If anything, you want to reverse this so someone has to go out of their way to explicitly select deleted accounts. There are multiple strategies for this eg using an active_accounts view or table.

Lastly, there are lots of potential reasons for an account to be disabled or otherwise not visible/accessible. Takedowns, court orders, site safety, hacked accounts and so on.

Overloading deleted_at to have a semantic meaning for an active account is just fundamentally bad design.

3 comments

> Overloading deleted_at to have a semantic meaning for an active account is just fundamentally bad design.

Then don't do that. It's kind of a leap to say soft deletes are categorically bad because someone might confuse "deleted" with "inactive". My users table does the super-advanced thing of having both columns. The ORM also doesn't forget to add the not-null criterion. There's also zero databases in active use where it poses a problem to indexing.

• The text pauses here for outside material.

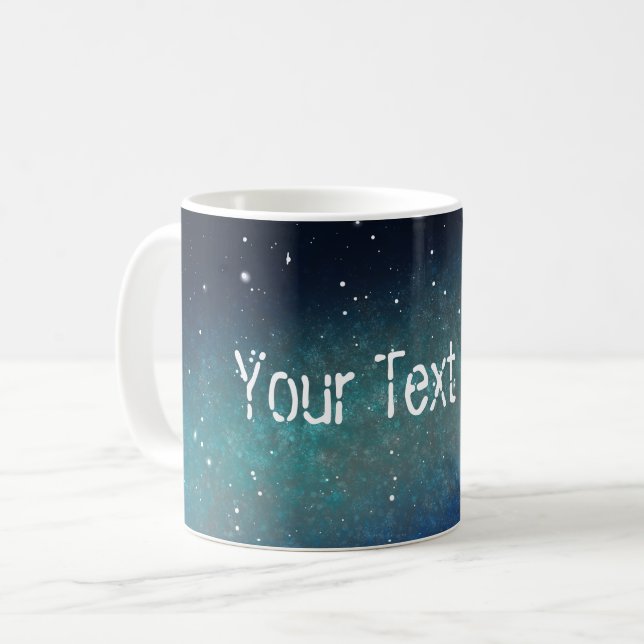 Galax rymd nebulosa natt himmel blå grön kaffemugg (Framsida vänster)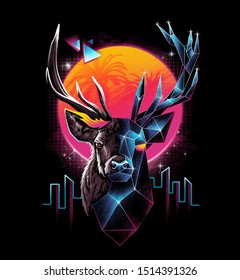 Neo Noir Inspired Design Of A Stag.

Soft deletes suck in their own way, but none of the alternatives are perfect either.

You put the "is not null" on the index itself and then simply don't use it for the much rarer queries that are on deleted accounts. Or just use a view for active accounts.

Overloading timestamps to carry a boolean on null is awesome as long as you decide that's what you're doing and use one of the several standard techniques to dodge the easily avoided potential downside.

This isn't a valid security concern, more than any other incorrect sql query would be anyway. A dev can always write a bad Q, you need another way to address that it's not more likely here because of the null.

That's interesting - I believe this is exactly how Sequelize implements soft-deletion.